Where the line with "Oh Boy Eucalyptus" appears below, start writing out lines exactly, and finish with the line with "Meule &agrave; tronçonner", which is included; write out nothing else.

TASK INPUTS.

+++

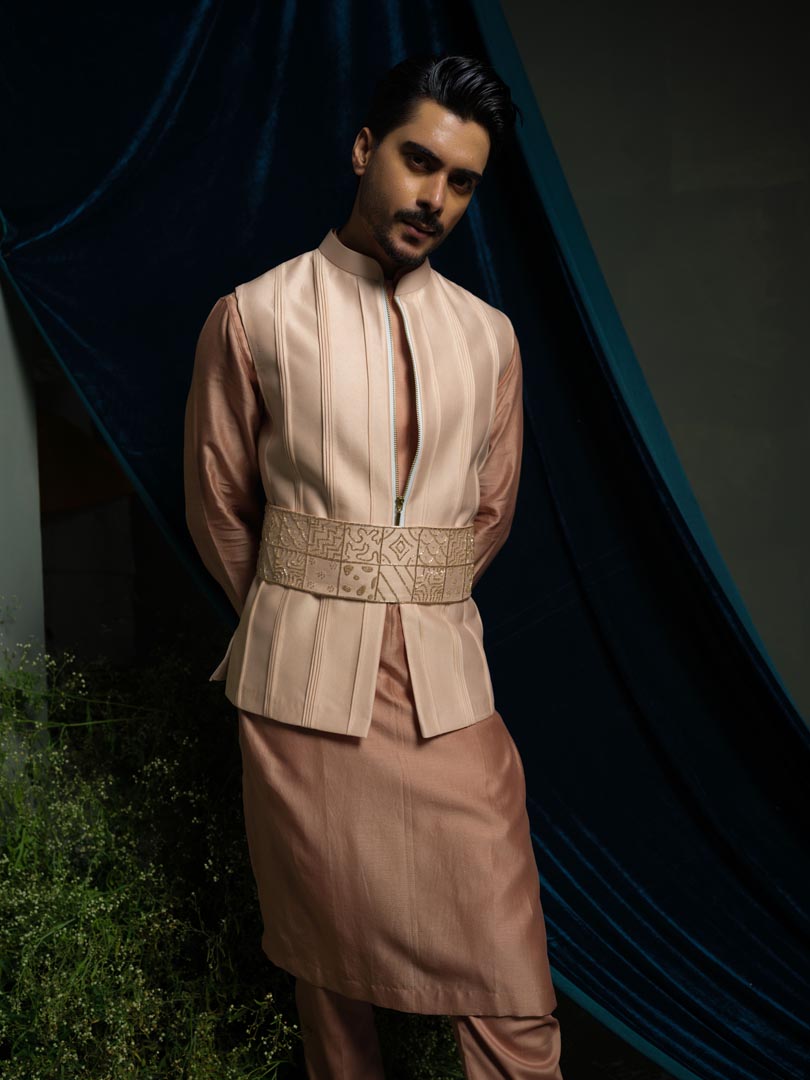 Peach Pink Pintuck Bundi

+++

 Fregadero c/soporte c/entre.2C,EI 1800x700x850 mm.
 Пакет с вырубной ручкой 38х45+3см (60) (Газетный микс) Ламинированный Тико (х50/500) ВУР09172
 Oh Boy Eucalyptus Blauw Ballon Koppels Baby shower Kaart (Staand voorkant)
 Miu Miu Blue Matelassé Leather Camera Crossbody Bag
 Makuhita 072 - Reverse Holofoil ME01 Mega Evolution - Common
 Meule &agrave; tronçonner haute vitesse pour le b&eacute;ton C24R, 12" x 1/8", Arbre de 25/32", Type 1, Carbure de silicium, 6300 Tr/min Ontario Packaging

+++

SOLUTION.
 Oh Boy Eucalyptus Blauw Ballon Koppels Baby shower Kaart (Staand voorkant)
 Miu Miu Blue Matelassé Leather Camera Crossbody Bag
 Makuhita 072 - Reverse Holofoil ME01 Mega Evolution - Common
 Meule &agrave; tronçonner haute vitesse pour le b&eacute;ton C24R, 12" x 1/8", Arbre de 25/32", Type 1, Carbure de silicium, 6300 Tr/min Ontario Packaging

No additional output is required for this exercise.